残されたトレイを持ったセシリアは、無言のままレインの前から立ち去ろうとする。そして背中を向けたところで動きを止めた。くるっと振り返る。見下ろしてくる二つの黄色い瞳にやけに圧がある。
「忠告しておく。あの女はやめておけ。重いぞ。色々と」
「重い……? この前抱いた時は軽かったですが」レインは数ヶ月前、怪我をしたシンリーを抱き上げたことを思い出す。その時の彼女はちゃんとご飯を食べているのか疑うくらい軽かった。
「抱い……まぁ一夜の関係で終わるならいい女か」
「なにを言って」レインが瞬きをすると、セシリアの姿は消えていた。
 魔法を使ったのだろうか。だがレインの前から消えるためだけに魔法を使う理由が思い浮かばなかった。
あとでこの話をソフィナにしたところ、「はて…そんな局員いたでしょうか…?」とセシリアの名前にピンと来なかったのか、彼女も首を傾げていた。
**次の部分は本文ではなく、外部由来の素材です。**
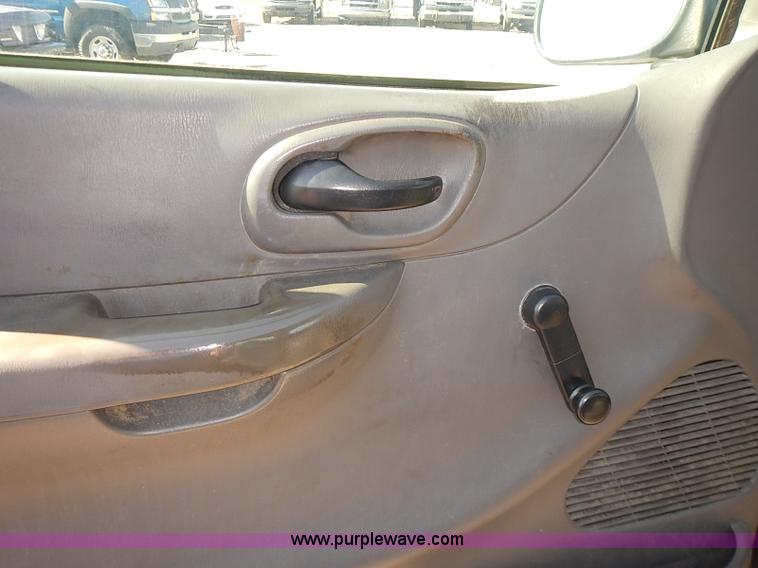 image for item E7765 2002 Ford F150 XL pickup truck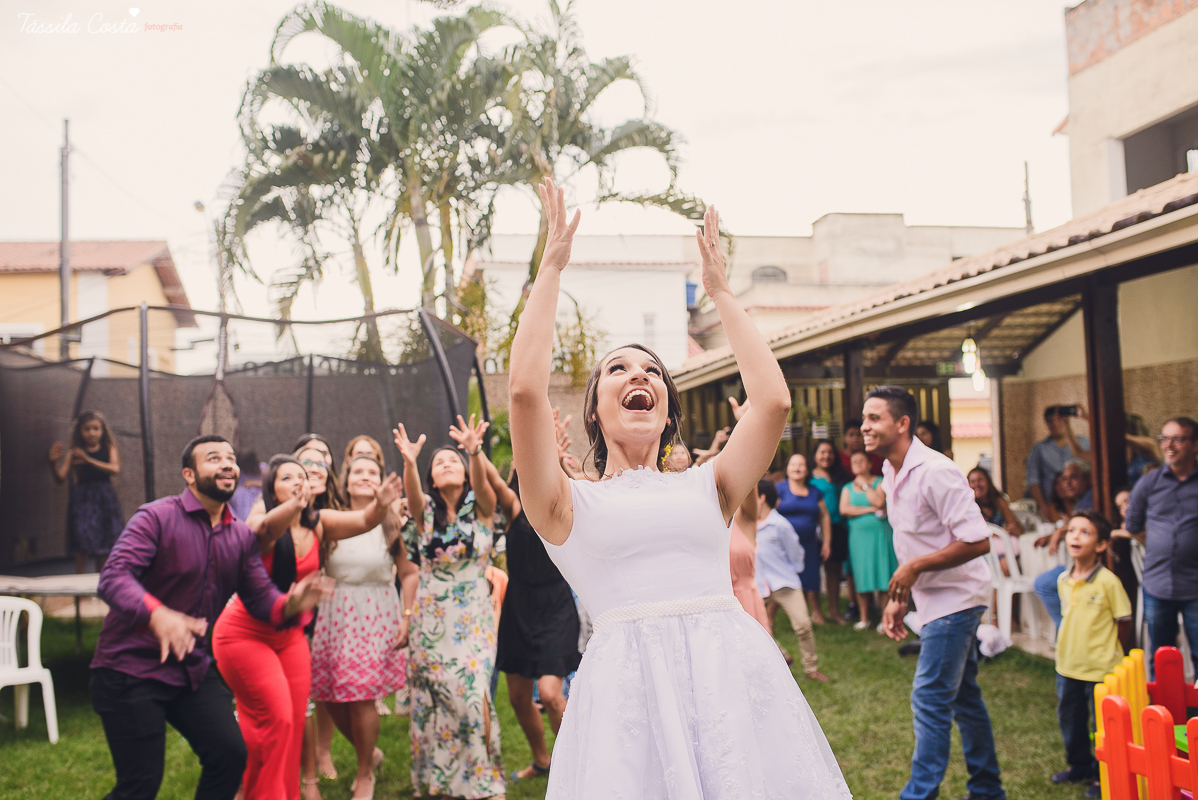 casamento em cobilândia, no cerimonial Aconchego, festa de dia, casamento de dia, decoração linda do casamento, noiva de vestido curto, maquiagem e cabelo da noiva Larrissa Rodrigues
今度、人材管理局の知り合いにセシリアについてに聞いてみようと思って結局、聞かれることもなく、セシリア・ウォーロックの名前はレインの記憶から薄れていった。


三魔校対争神覚者選定最終試験、イーストン魔法学校、ヴァルキス魔学校、セント・アルズ聖魔学校の三校から各三人ずつ、合計九名が神覚者を目指して争い合い、その結果で今年度の神覚者が決まる。例年通りであれば始まりの杖を手にした者が神覚者に選ばれることになる。
 そんな最終試験の直前、学内での神覚者選抜試験を終えたレインはといえば、食堂で女子生徒に囲まれていた。
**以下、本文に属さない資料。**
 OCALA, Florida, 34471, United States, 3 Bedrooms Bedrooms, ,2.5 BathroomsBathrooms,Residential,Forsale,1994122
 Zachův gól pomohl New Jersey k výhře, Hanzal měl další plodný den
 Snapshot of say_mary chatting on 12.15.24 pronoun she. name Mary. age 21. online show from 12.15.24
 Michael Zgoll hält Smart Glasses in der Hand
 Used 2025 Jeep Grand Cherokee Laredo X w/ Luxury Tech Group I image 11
きゃあきゃあと、黄色い声に塗れて、まるで檻に閉じ込められた羊のような顔でこちらを見つめてくるレインを、シンリーは死んだ目で見つめていた。その隣にはマックスもいる。
成り行きはといえば簡単なもので、課題をしに自習室にやってきたマックスとレイン、トムに連れられ反省文を書きにきたシンリーが合流したのが数分前。
神覚者候補のレインとドゥエロ年間MVP筆頭候補のトムに自習室の生徒たちが集まってきたのが数秒前、そして、輪の中から「いらない」とばかりにマックスとシンリーが弾き出されたのが今の話である。レインの隣では、トムが慣れた顔で女子生徒の対応をしていた。
まさにモテる男とモテない男の差がそこにあった。
「くだらない。なにがいいんだか、あんな男たちの」
「ははは……レインもトムくんもすごい人気だね」
「トムはまだモテるからわかるけど、レインのあれはなんですか? 信じられない。今更その辺の女に囲まれたからって、鼻の下伸ばして___。死ねばいいのに。今すぐ」不機嫌そうなシンリーが炎に包まれていくのにマックスは苦笑いしかできなかった。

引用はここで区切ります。